Suicide cases hit ’extremely high’ levels in Hong Kong: HKU estimate

Social work professor Paul Yip said estimated suicide cases hit “extremely high” levels in Hong Kong. (Photo: The University of Hong Kong)
Social work professor Paul Yip said estimated suicide cases hit “extremely high” levels in Hong Kong. (Photo: The University of Hong Kong)

An expert from the University of Hong Kong (HKU) has called for the reopening of recreational facilities and more care for the elderly as estimated suicide cases hit “extremely high” levels in Hong Kong.

His comments came as the ”Suicide Prevention Early Warning System” — developed by HKU’s HKJC Centre for Suicide Research and Prevention — issued a warning on March 23, which indicates that the estimated number of suicide cases in the past seven days on average has exceeded the “extremely high” level.

In a press conference on Tuesday, Paul Yip, the center’s director, noted it is the first time the warning system has been triggered since it was set up in 2020.

The model gathers and analyzes suicide cases from official sources as well as media reports, and uses machine learning techniques to estimate the total number of suicide cases per day.

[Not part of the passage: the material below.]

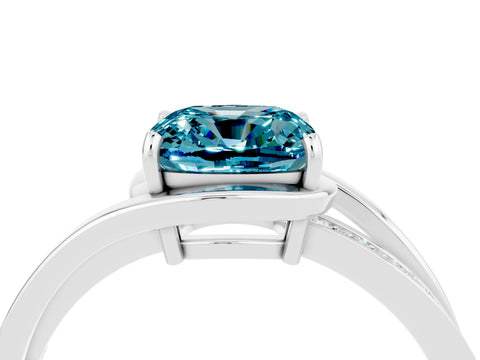 White gold Cushion Cut Blue Topaz Solitaire Ring with Split Shank and Prong Setting_4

The seven-day moving average estimate of suicide cases exceeded the crisis level (black line) on March 20. (Photo: The University of Hong Kong)

According to the model, the seven-day moving average estimate of cases exceeded the crisis level of suicide risk — 3.56 per day — on March 20, even hitting 4.05 on March 21.

The average for the year is 1.8.

Yip also noted that there were 21 suicide cases reported in the media for the week ending on Monday, meaning there was an average of three a day.

The age group with the highest number of cases is 65 and above with eight. The next highest are 35-44 and 45-54 with four each.

The main reported reasons are related to finances and health issues.

“Social distancing [measures] have introduced not only physical distancing but also emotional disconnectedness. I think it’s this emotional disconnectedness that leads to the sense of isolation, a sense of being abandoned by family members or by community. It has an adverse impact on our mental health,” said Yip.

The rising trend in estimated suicide cases coincided with a particularly severe phase of Hong Kong’s fifth wave of the COVID-19, when daily infection rose to above 50,000.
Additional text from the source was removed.